As a kid, he’d have never thought to pursue a fight like that. Not so soon anyway. Shy and uncomfortable among groups of people, Groves’ earliest memory of his time at Dale Youth ABC was seeing the other boys shake hands and finding this, the handshake between boys, the most peculiar sight in the world. Kids, as far as he was aware, didn’t shake hands.
“I didn’t come out of my shell at Dale (Youth, ABC) until I was probably 15,” he said. “I went there for three or four years before anybody really spoke to me or had any idea what I was about. And that was all my choice. I had maybe one fight at school and that was more of a squabble. I think, on the whole, the other kids respected me. I was also cautious and knew not to upset the wrong sort of kid. I was always thinking and strategising.
“The kids that get in fights all the time are the ones that operate purely on emotion. They don’t think things through all that much.
“I was different, though. Even if I felt I had the measure of a kid, I was always worried about how many brothers or cousins he might have waiting outside the school grounds at the end of the day.”
He’s all grown up now, of course. Grown up in a boy to man sense, but also grown up as a prizefighter and businessman. At 30, his mind is his own, no longer moulded by older statesmen, and his thought process seems streamlined, centring less on legacy and more on providing for his family.
Perfection, he now realises, was unobtainable, an unrealistic goal. Yet the WBA super-middleweight title around his waist – a token of perseverance, of never giving up – is wonderfully real. It offers additional challenges to think about; it makes it easier to not think about setbacks.
Best of all, the arduous journey required to come to this realisation – the ups and downs, the joy and tragedy – seems to have helped form a mindset as strong as any fighter in Britain.

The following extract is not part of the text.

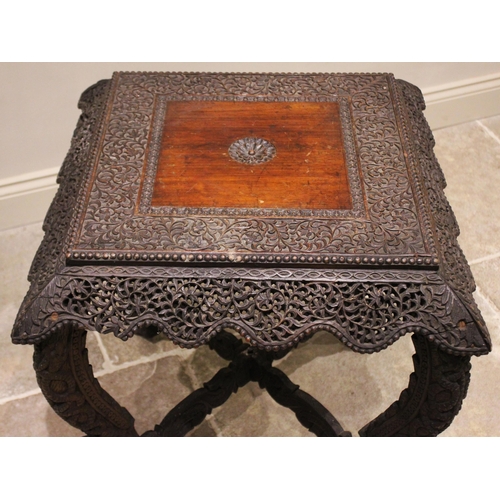 792 - An Anglo-Indian carved hardwood occasional table, late 19th/early 20th century, the square top with ...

“I don’t believe in luck, in that you’ve either got it or you haven’t, but some things work out for you and some things don’t,” Groves said, five years before beating Fedor Chudinov to become a world champion. “I try not to dwell on bad things or curse my bad luck. I think there’s an energy, not like karma or an aura, but something different, that travels along with us through life and you can influence that energy depending on whether you’re a positive or negative person.
“If, when you wake up in the morning, you look in the mirror and say to yourself, ‘Today is going to be a good day,’ there’s a pretty good chance it will be a good day, even if you only think that because you feel as though you should.
“On the other hand, if you wake up and start thinking, ‘Oh, s**t, my throat hurts, I’m coming down with something,’ then your path is set for that day. You’re going to feel terrible and your day will likely turn to s**t.
“I try to stay in the right frame of mind and remain positive. My tattoos are just a bit of fun really, a bit of decoration, but they also cheer me up and put me in the right frame of mind.”
On Groves’ left arm you’ll find lucky charms like the Maneki-neko, the Gingerbread Man, a four-leaf clover, and the number seven. His frame of mind, meanwhile, has been inked, stained and scarred by trauma, but is now stable, realistic and positive, and every bit as sharp and important as his left jab.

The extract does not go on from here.